- _Exercise brief_
Repeat everything in the data exactly except images.

Top of Provided material

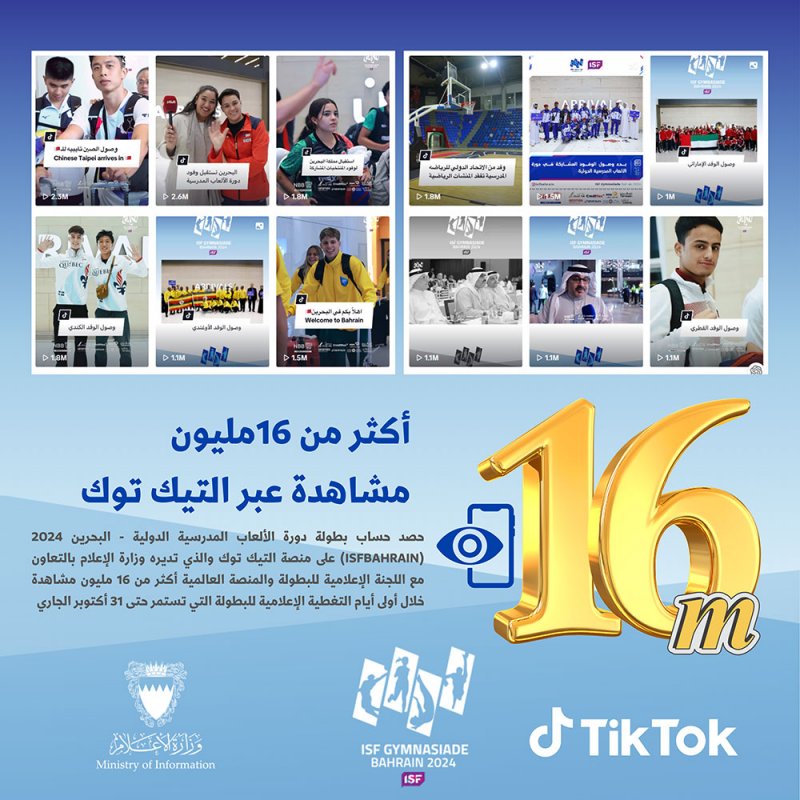 أكثر من 16 مليون مشاهدة على "التيك توك" لحساب دورة الألعاب المدرسية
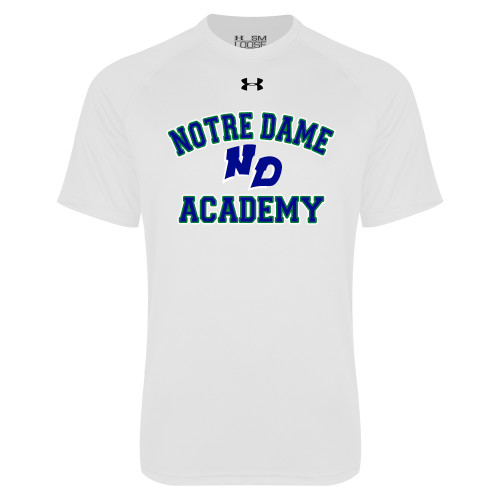 Under Armour White Tech Tee-Notre Dame de La Baie Academy Notre Dame Academy ND Stacked 2 Color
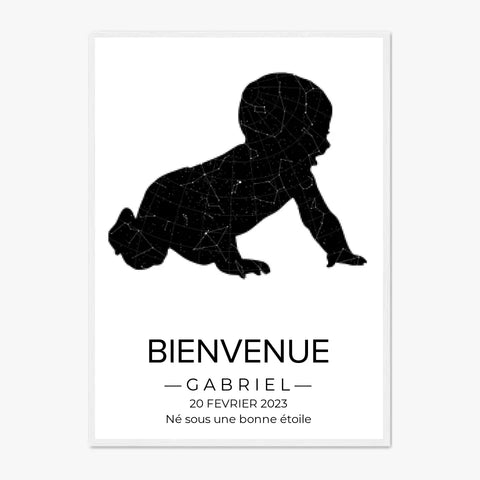Tableau carte du ciel personnalisé bébé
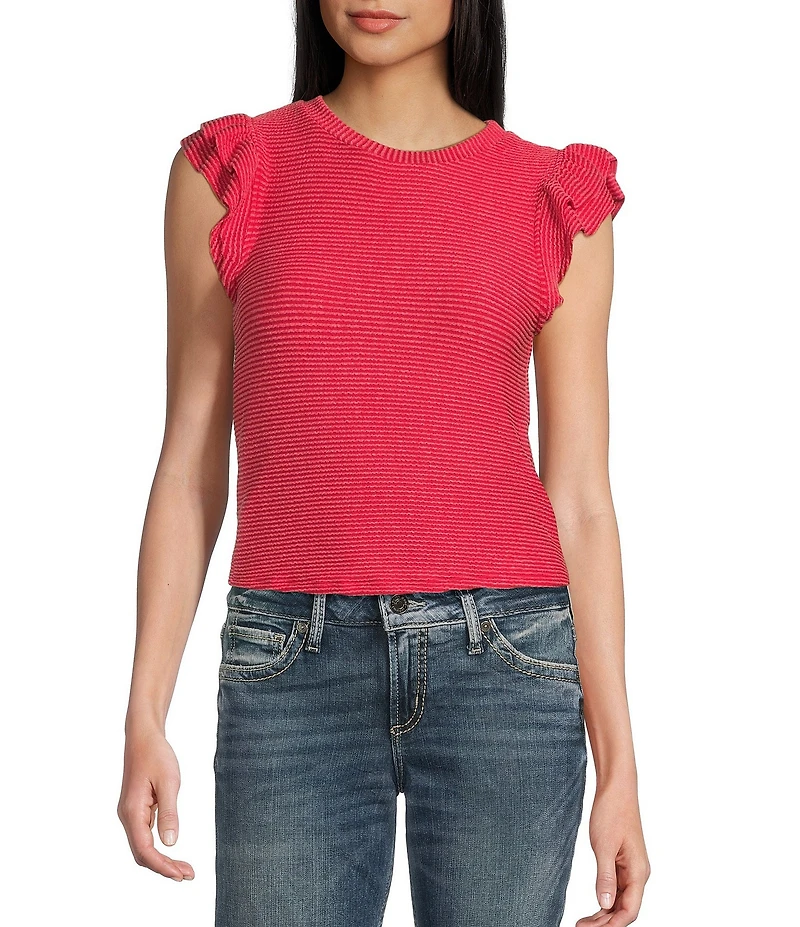 Moa Moa Crewneck Ruffle Short Sleeve Top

Bottom of Provided material

- _Solved problem_
 أكثر من 16 مليون مشاهدة على "التيك توك" لحساب دورة الألعاب المدرسية
 Under Armour White Tech Tee-Notre Dame de La Baie Academy Notre Dame Academy ND Stacked 2 Color
Tableau carte du ciel personnalisé bébé
 Moa Moa Crewneck Ruffle Short Sleeve Top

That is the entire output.